The last few days have been busy at the Alaska Statehouse. While we have been focusing much on SB-21 – the bill that is intended to abolish Alaska’s Clear and Equitable Share (ACES), not all the news coming out of the legislature is bad.
Federal Gun Control Nullification
The Tenth Amendment Center reported two days ago that both the AK House and Senate approved HB69, which would nullify any federal gun control laws passed by the Obama administration. Wyoming, Texas, and several other other states have passed or are working on similar legislation. Alaska Governor Sean Parnell will more than likely sign it.
Among other things, SB69 says:
“a statute, regulation, rule, or order that has the purpose, intent, or effect of confiscating any firearm, banning any firearm, limiting the size of a magazine for any firearm, imposing any limit on the ammunition that may be purchased for any firearm, or requiring the registration of any firearm or its ammunition infringes on an Alaskan’s right to bear arms in violation of the Second Amendment to the Constitution of the United States and, therefore, is not made in accordance with the Constitution of the United States, is not authorized by the Constitution of the United States, is not the supreme law of the land, and, consequently, is invalid in this state and shall be considered null and void and of no effect in this state…”
The legislation requires the state to stand down and not enforce unconstitutional federal gun control laws. It also requires the state’s Attorney General to defend any Alaskan who is charged under any such “laws” that may be passed. The entire premise of this legislation is that the gun laws being proposed are not valid laws.
Alaskans are urged to call Gov. Parnell at (907) 465-3500 and ask for him to sign SB69 into law.

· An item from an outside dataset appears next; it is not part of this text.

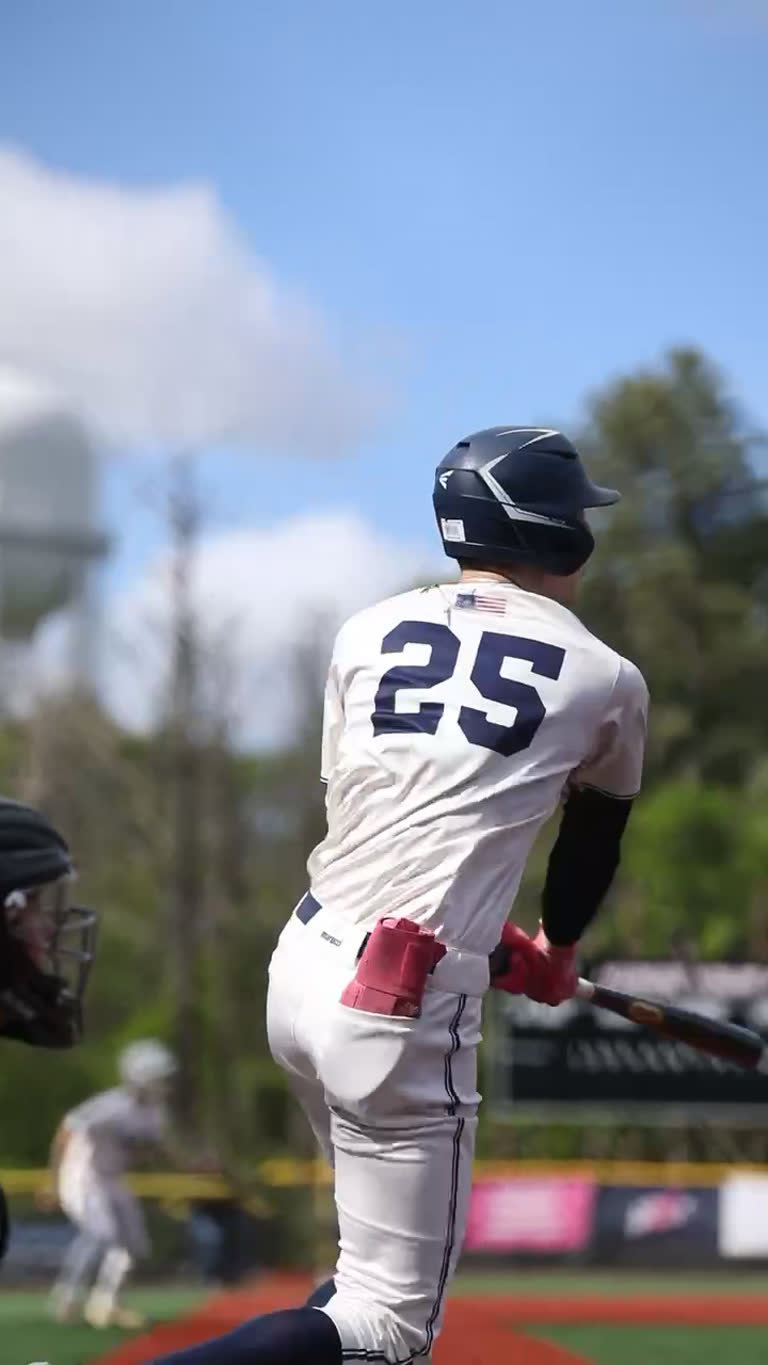 Christopher Costa's Baseball Recruiting Profile | FieldLevel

H/T O.P. Ditch, Vets4Sarah for story lead.
HB 4, which will provide $400 million to build an in-state gasline has been approved, Pat Forgey of the Alaska Dispatch reported yesterday. Judging by the headline, Forgey believes this pipeline will be little more than a pipe dream. Hopefully, the pipeline will materialize and become reality – otherwise it would be a nearly half-billion dollar boondoggle. As previously reported, a new state agency would be created to oversee construction of the pipeline which would bring North Slope natural gas to the state’s population centers. It could possibly connect to the larger pipeline being built under the Alaska Gasline Inducement Act (AGIA), one of former Alaska Governor Sarah Palin’s core accomplishments.
“Alaska’s constitution contains an explicit provision which requires that Alaska’s resources are for the maximum benefit of Alaskans, not corporate interests no matter how powerful. The Alaska Constitution is threatened by SB21’s resource giveaway. It must be recognized that the corporate goals of Big Oil are not the same as Alaska’s,” Joe Paskavan wrote for the Alaska Dispatch on April 10.
Paskavan wrote that the state Constitutional Constitution had two fears: that Big Oil would exploit the resource under the “thin guise of development,” or acquire oil rich lands and warehouse the resource to prevent competition with activities in other locations – specifically foreign countries. “It is a myth and manufactured crisis that oil throughput decline is caused by Alaska’s production tax,” he wrote saying that the decline is due to both treatment facility constraints and “limitations on capacity to get oil out of the facilities, which were designed, engineered and intended by Big Oil decades ago.”
Oil decline started in 1989, long before Gov. Palin entered politics and long before ACES, as previously reported. The big three companies had a near monopoly less than a decade ago. Under ACES, small independent companies are thriving. SB-21 could return the Big Three to near monopoly status again.
“Alaska’s constitution should not be trampled and our resources should not be exploited. The economic goals of corporate interests, especially those with near monopoly powers and a history of corruption of the public process, are not similar to Alaska’s goals. The SB21 tax giveaway with:
- no benchmarks to legitimately measure real increased production,
- no sunset to provide Alaskans with an opportunity for realistic reassessment, and
- no established reinstatement of the current tax structure when the giveaway tax bill fails…
…is a trampling of Alaska’s constitution and an exploitation of our resources,” Paskavan concluded.
Alaskans are encouraged to keep up the fight against SB-21.